That’s the word I went out on, for fuck’s sake.
Before you judge, you need to understand that A) the pronouncer was mispronouncing EVERYTHING all night, and B) she pronounced that word “HO-MUH-LEE.” Not “HOME-LEE.” So, since I knew she was mispronouncing everything, and the previous word I’d gotten right (“vespertine,” which she pronounced “vesper-tayhn,” which, yes, is acceptable, but certainly not how I would say it) was religious, I assumed she was mispronouncing “homily.” Which is how I spelled it.
And okay, technically, the definition of “vespertine” has nothing to do with religion, but I know from vespers, which is how I got it. (You know, besides the fact it’s completely phonetic.) I want that on the record, because as soon as I came back from my one and only triumph, Al and Mean Asian Girl were both all, “Well, duh, it’s a Bjork album!” (“But isn’t that pronounced.. vesper-TEEN?”) AND I DO NOT KNOW FROM BJORK! It’s well-documented that I’m pop culture illiterate beyond 1994! I got that all by my very own recovering Catholic self!

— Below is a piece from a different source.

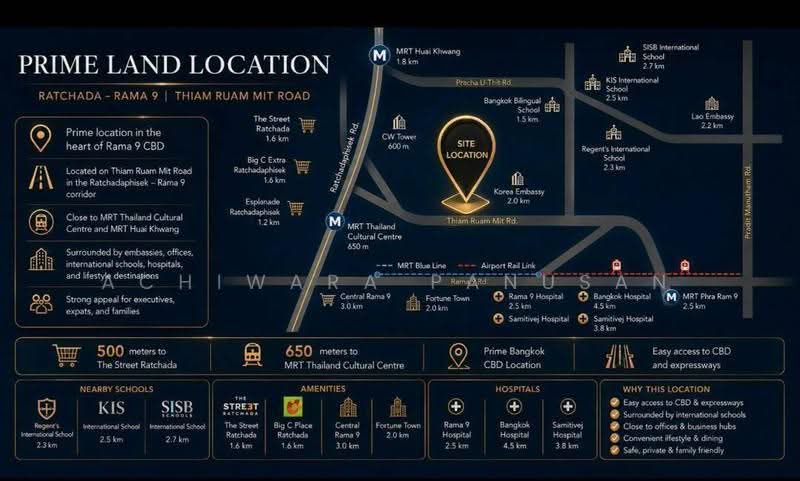 ที่ดินให้เช่าถ.เทียมร่วมมิตร ศูนย์วัฒนธรรม, กรุงเทพ, เทียมร่วมมิตร, ห้วยขวาง, กรุงเทพ, 2,416 ตร.ม., ที่ดิน ให้เช่า, โดย Achiwara Panusan, 500573152 - DDproperty.com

So, yeah. “Vespertine” was Round 1. 40-odd out of 60-odd competitors were eliminated in Round 1, so I can feel pretty good about clearing that one, right? Though I must admit, more than anything, it was the luck of the draw. There were words in Round 1 I didn’t know at all, so if I’d gotten those, it would have been game over. And there was only one word all night (“acetylene” — pronounced “UH-SET-UH-LIN”; again, technically correct, but not goddamned Amurrican) I recognized as something I probably would have kicked my own ass over, because I DO know how to spell it, but I might not have gotten it right on my first try out loud. (The person who got that word went, “A-S-” and the entire room went “AWWWWWW!” I wouldn’t have been that bad, at least. But I might well have gone, “A-C-E-T-E-L-Y-N-E.”) For the most part, I either knew how to spell the words or had never heard them before in my life.
But seriously, y’all, HO-MUH-LEE? For “homely”? What the fuck is that? Immediately prior to that, someone went out on “debouchment,” which was pronounced “DUH-BYOOSH-MENT.” That person asked for a definition, which included the word “mouth” (of a river), so I figured it was “bouch(e)” not “buch,” but how the fuck do you get “byoosh” out of “bouche”? (I probably would have gone out on that word, too, by spelling it “debouchement,” but the BYOOSH was fucking unforgivable!) I HATE YOU, PRONOUNCER LADY!
The worst part, of course, was being able to spell, like, every fucking word that came after I was eliminated. Mean Asian Girl and I sat there, far enough away from the stage that we couldn’t be accused of helping people cheat, spelling every fucking word before the actual remaining contestants got them. GRRRRRR. The only gratifying part after being eliminated (besides a complimentary drink) was seeing my very young, stoner ex-neighbor finally eliminated, after three rounds of lucking the hell out with words like “sophomore” and “umlaut.” (The latter pronounced “OOM-LOT.”) We left immediately after that, so I don’t know who won. I just got very drunk and kept saying, “HOMELY! HOME-LEE!” all night. (Al, eventually: “Okay, honey, YOU’VE HAD ENOUGH OF THE LOUD JUICE NOW!” Mean Asian Girl: “‘Cause she’s normally so subtle??”)
I hate spelling bees. And I’m very drunk. That is all.